This tidy format for the data makes it easier to analyze the dataset and to plot it. It also makes it very easy to import into R. The best time to start using this format for storing your data is right away! But, sometimes your data is created by a machine or from the measurement instrument. In those cases, you’ll have to wrangle (‘manipulate’) the data into the appropriate tidy format before analyzing it.
Code used
Quick note: If you want to know more about a command (aka. function), use ?
.
For instance, use ?install.packages
to learn more about the
install.packages()
function.
# install the package if you haven't already
# install.packages('readr')
# Load the readr package
library(readr)
We’ll be using read_csv()
from the readr
package, which is similar to the
read.csv()
function in base R but is slower and does more things that you
usually don’t want. We can use read_csv()

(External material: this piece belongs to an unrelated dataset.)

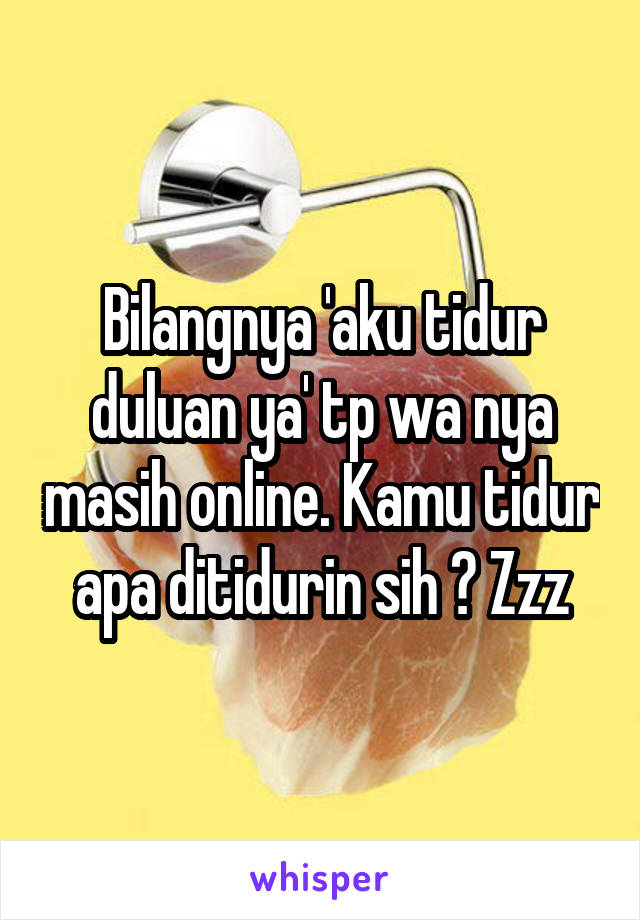 Bilangnya 'aku tidur duluan ya' tp wa nya masih online. Kamu tidur apa ditidurin sih ? Zzz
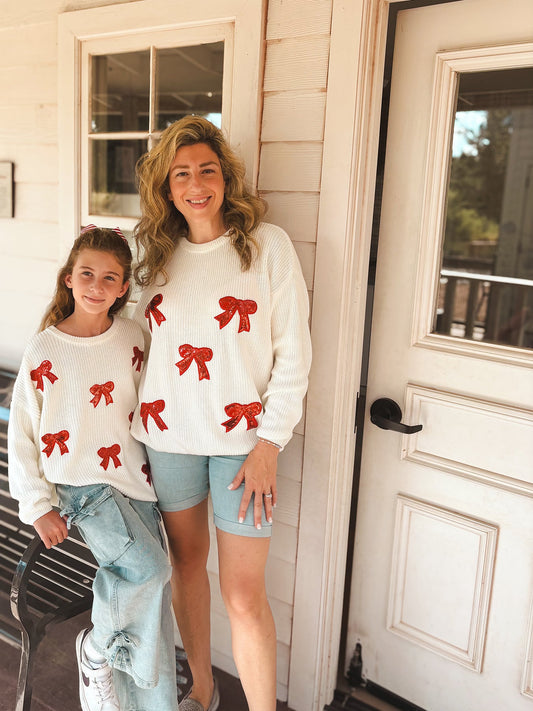 Mommy & Me Winter Girls Bow Sequins Pullover Sweater -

to also get a csv file, which is a
comma separated value file, from the internet. To get a better look at the csv
file, we can save it to a file by using write_csv()
. The two datasets below
are fake datasets I made up.
# This is an example of a messy dataset
web_link <- "http://codeasmanuscript.github.io/code-along/data/tidy-data-1.csv"
tidy_data <- read_csv(web_link)
#> Warning: Missing column names filled in: 'X1' [1], 'X3' [3], 'X4' [4],
#> 'X5' [5], 'X6' [6], 'X7' [7], 'X9' [9], 'X10' [10], 'X11' [11], 'X12' [12],
#> 'X13' [13]
#> Parsed with column specification:
#> cols(
#> X1 = col_character(),
#> Exercise = col_integer(),
#> X3 = col_integer(),
#> X4 = col_integer(),
#> X5 = col_integer(),
#> X6 = col_integer(),
#> X7 = col_integer(),
#> Control = col_integer(),
#> X9 = col_integer(),
#> X10 = col_integer(),
#> X11 = col_integer(),
#> X12 = col_integer(),
#> X13 = col_integer()
#> )
# Save it into the data/ folder using write_csv
#write_csv(tidy_data, 'data/tidy-data-1.csv')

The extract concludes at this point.